(Dataset items)
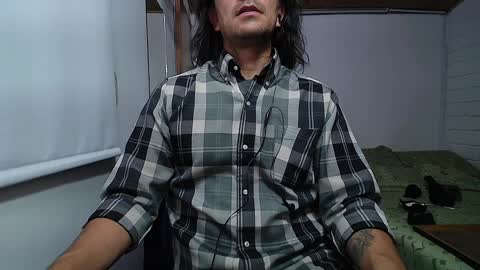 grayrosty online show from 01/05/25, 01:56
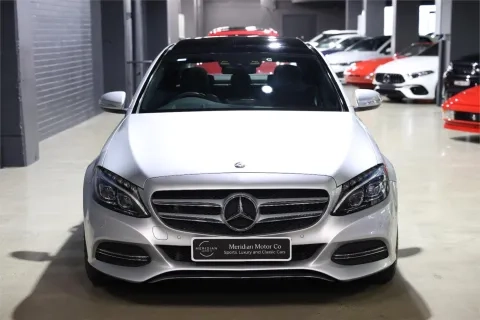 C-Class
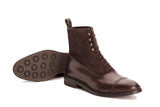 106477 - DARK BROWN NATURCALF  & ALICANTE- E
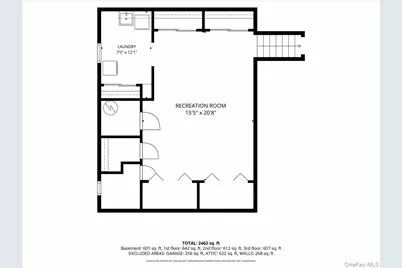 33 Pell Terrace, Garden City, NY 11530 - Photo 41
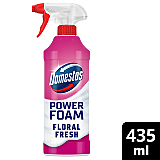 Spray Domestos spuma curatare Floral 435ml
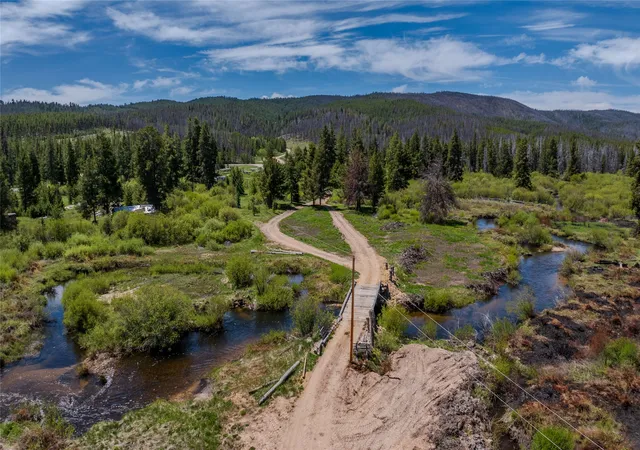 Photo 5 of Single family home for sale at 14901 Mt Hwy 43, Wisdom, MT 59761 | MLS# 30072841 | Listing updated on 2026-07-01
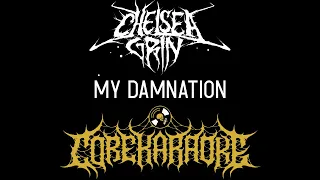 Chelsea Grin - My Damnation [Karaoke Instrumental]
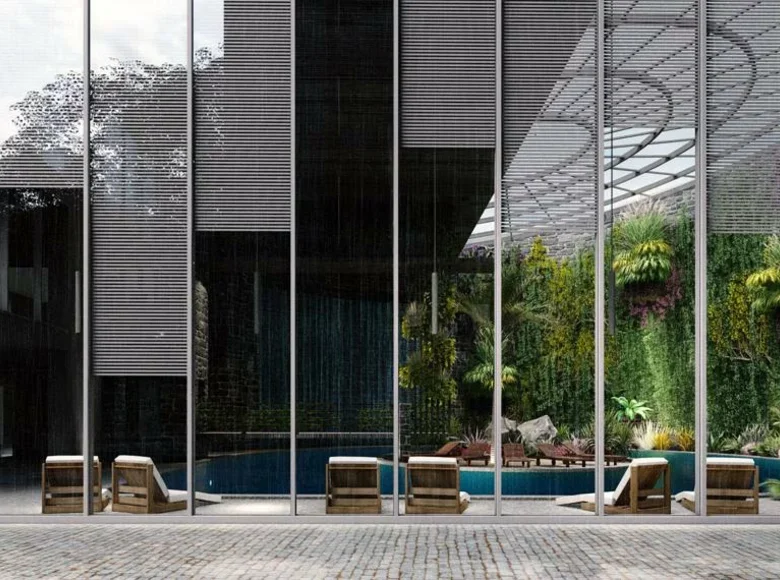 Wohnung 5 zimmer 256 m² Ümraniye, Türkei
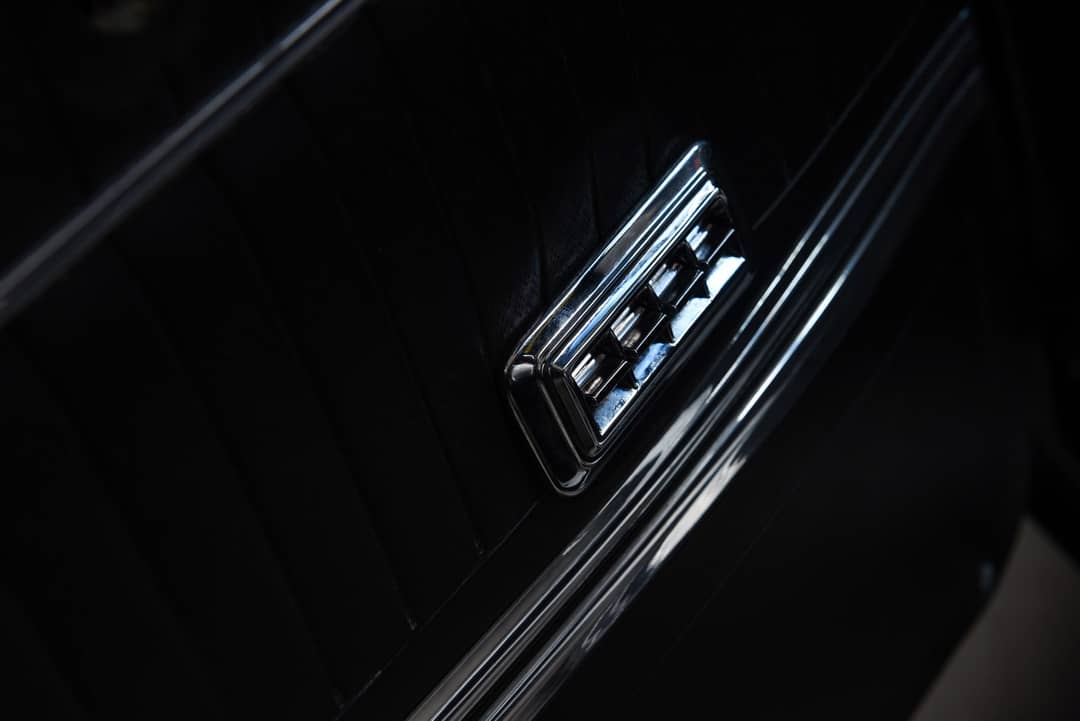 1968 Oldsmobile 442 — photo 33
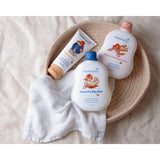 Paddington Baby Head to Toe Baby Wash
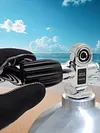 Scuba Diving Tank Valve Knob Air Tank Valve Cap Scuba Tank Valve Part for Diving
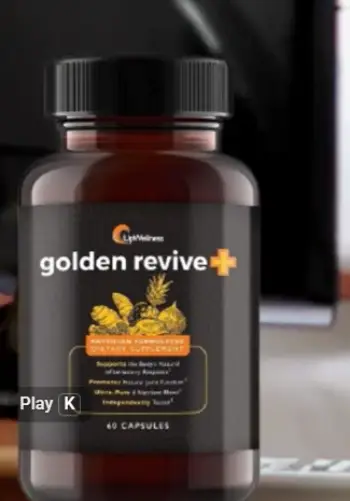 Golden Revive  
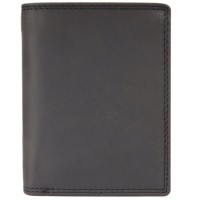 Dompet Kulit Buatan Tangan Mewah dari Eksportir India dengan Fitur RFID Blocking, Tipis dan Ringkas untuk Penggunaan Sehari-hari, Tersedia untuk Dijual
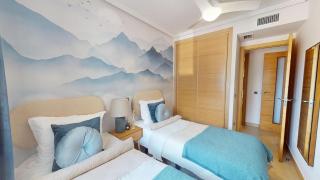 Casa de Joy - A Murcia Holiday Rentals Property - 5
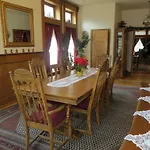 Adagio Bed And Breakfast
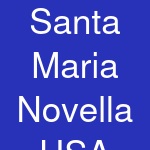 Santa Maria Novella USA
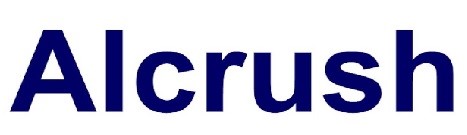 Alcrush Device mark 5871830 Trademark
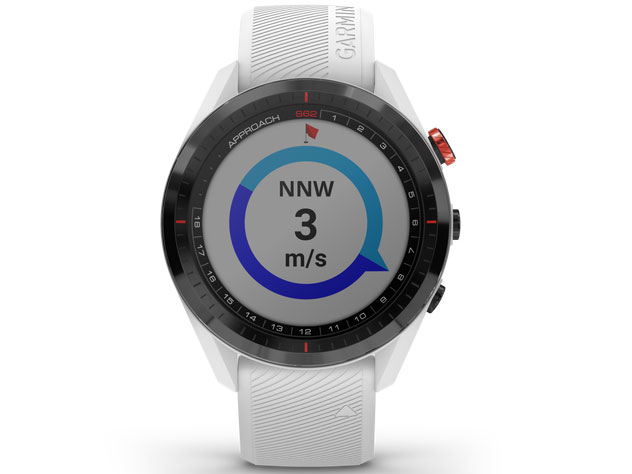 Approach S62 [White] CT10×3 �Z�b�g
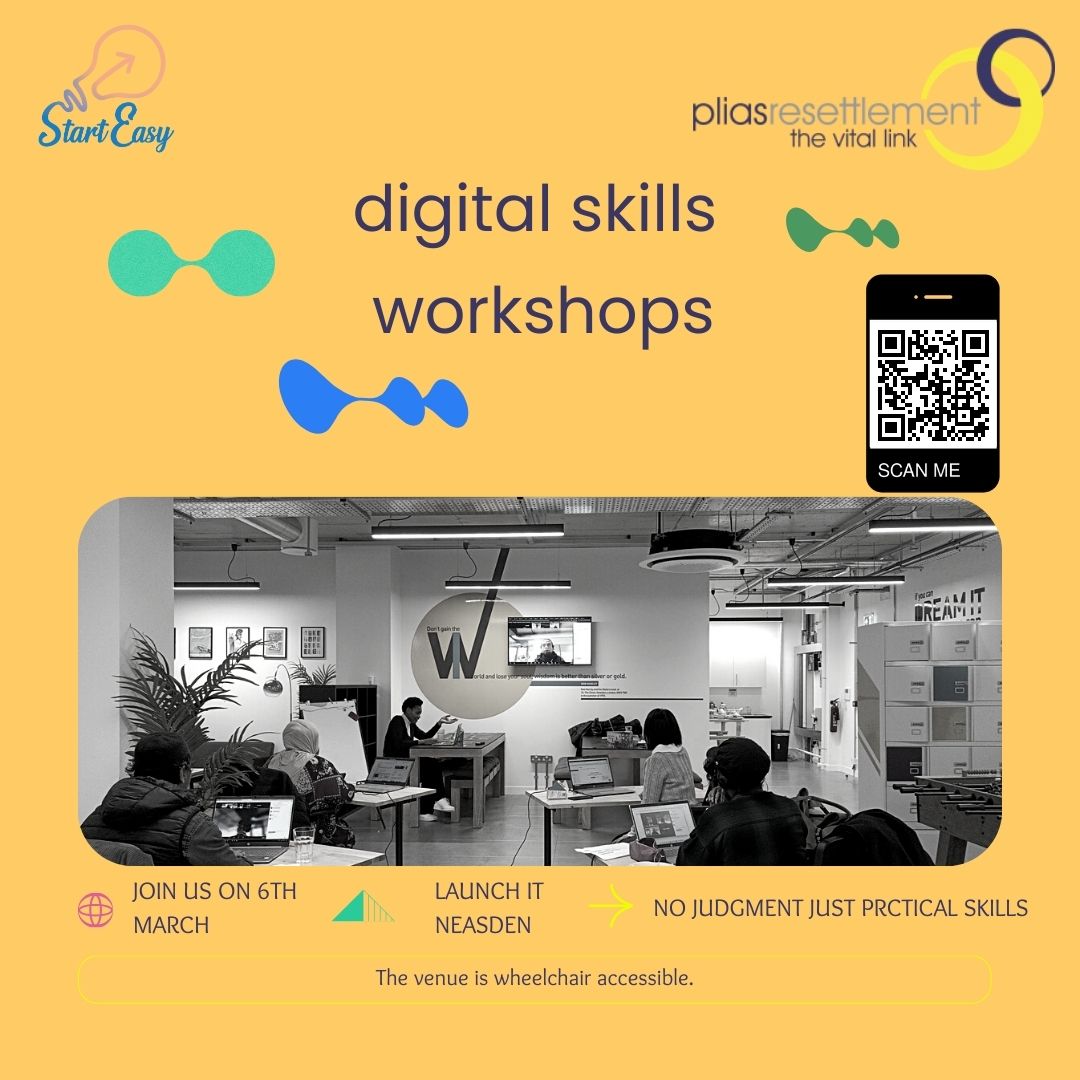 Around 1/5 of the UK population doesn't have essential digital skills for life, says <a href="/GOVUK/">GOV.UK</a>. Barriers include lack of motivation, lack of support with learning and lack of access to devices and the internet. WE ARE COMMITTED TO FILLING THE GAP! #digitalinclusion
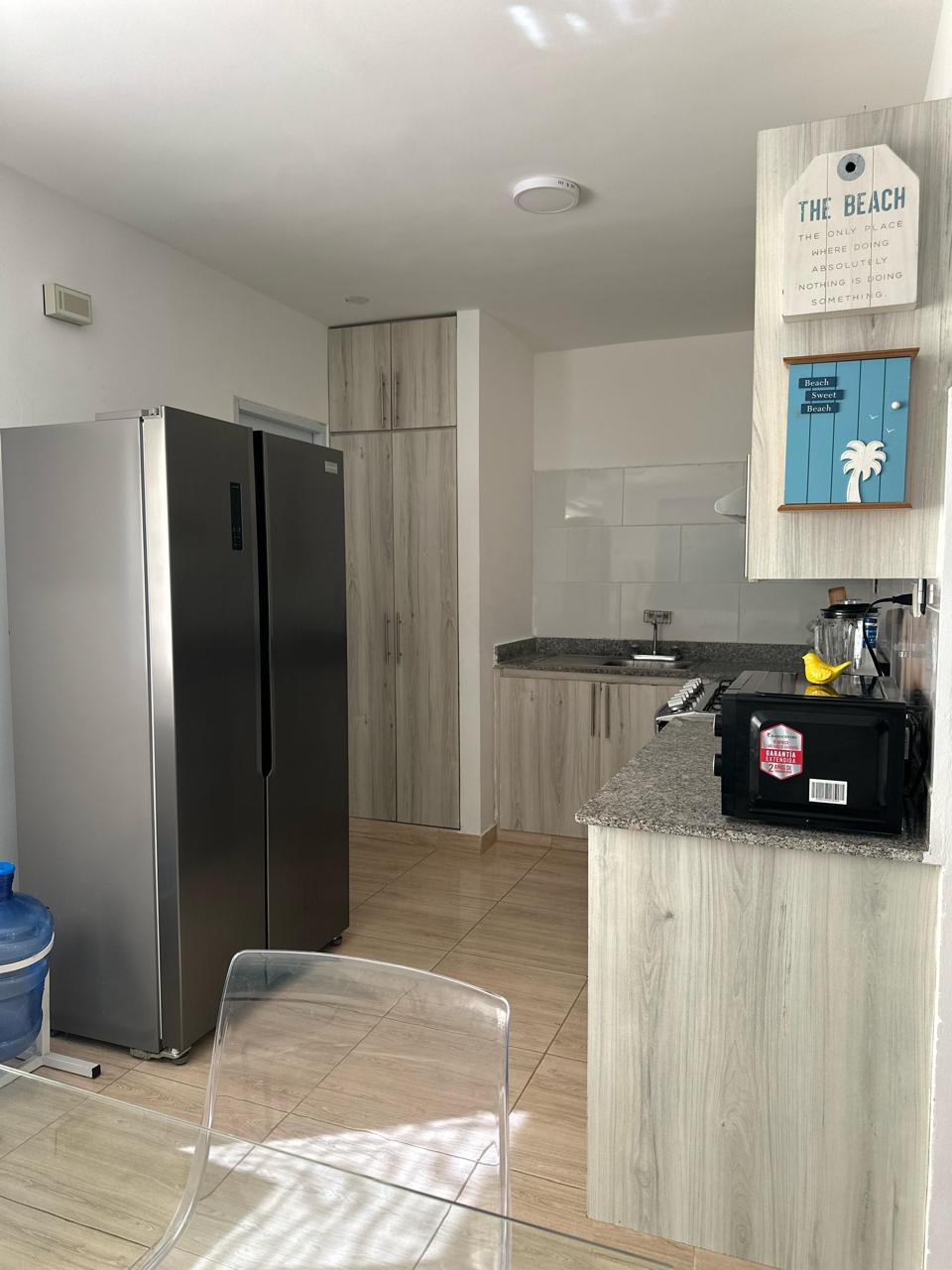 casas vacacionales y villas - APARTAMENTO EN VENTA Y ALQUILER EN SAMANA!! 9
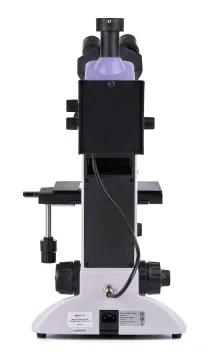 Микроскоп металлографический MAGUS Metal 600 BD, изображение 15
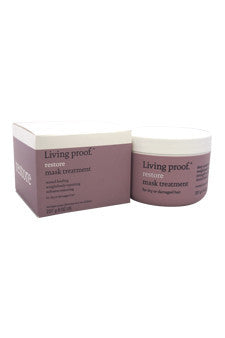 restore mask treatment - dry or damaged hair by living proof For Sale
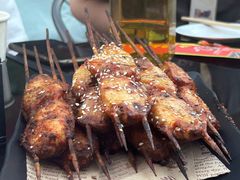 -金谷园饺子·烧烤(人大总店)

ASSIGNED TASK.
Give every line of the records above again, exactly, and omit the pictures.

RESULT OF THIS EXERCISE.
 grayrosty online show from 01/05/25, 01:56
 C-Class
 106477 - DARK BROWN NATURCALF  & ALICANTE- E
 33 Pell Terrace, Garden City, NY 11530 - Photo 41
 Spray Domestos spuma curatare Floral 435ml
 Photo 5 of Single family home for sale at 14901 Mt Hwy 43, Wisdom, MT 59761 | MLS# 30072841 | Listing updated on 2026-07-01
 Chelsea Grin - My Damnation [Karaoke Instrumental]
 Wohnung 5 zimmer 256 m² Ümraniye, Türkei
 1968 Oldsmobile 442 — photo 33
 Paddington Baby Head to Toe Baby Wash
 Scuba Diving Tank Valve Knob Air Tank Valve Cap Scuba Tank Valve Part for Diving
 Golden Revive  
 Dompet Kulit Buatan Tangan Mewah dari Eksportir India dengan Fitur RFID Blocking, Tipis dan Ringkas untuk Penggunaan Sehari-hari, Tersedia untuk Dijual
 Casa de Joy - A Murcia Holiday Rentals Property - 5
 Adagio Bed And Breakfast
 Santa Maria Novella USA
 Alcrush Device mark 5871830 Trademark
 Approach S62 [White] CT10×3 �Z�b�g
 Around 1/5 of the UK population doesn't have essential digital skills for life, says <a href="/GOVUK/">GOV.UK</a>. Barriers include lack of motivation, lack of support with learning and lack of access to devices and the internet. WE ARE COMMITTED TO FILLING THE GAP! #digitalinclusion
 casas vacacionales y villas - APARTAMENTO EN VENTA Y ALQUILER EN SAMANA!! 9
 Микроскоп металлографический MAGUS Metal 600 BD, изображение 15
 restore mask treatment - dry or damaged hair by living proof For Sale
 -金谷园饺子·烧烤(人大总店)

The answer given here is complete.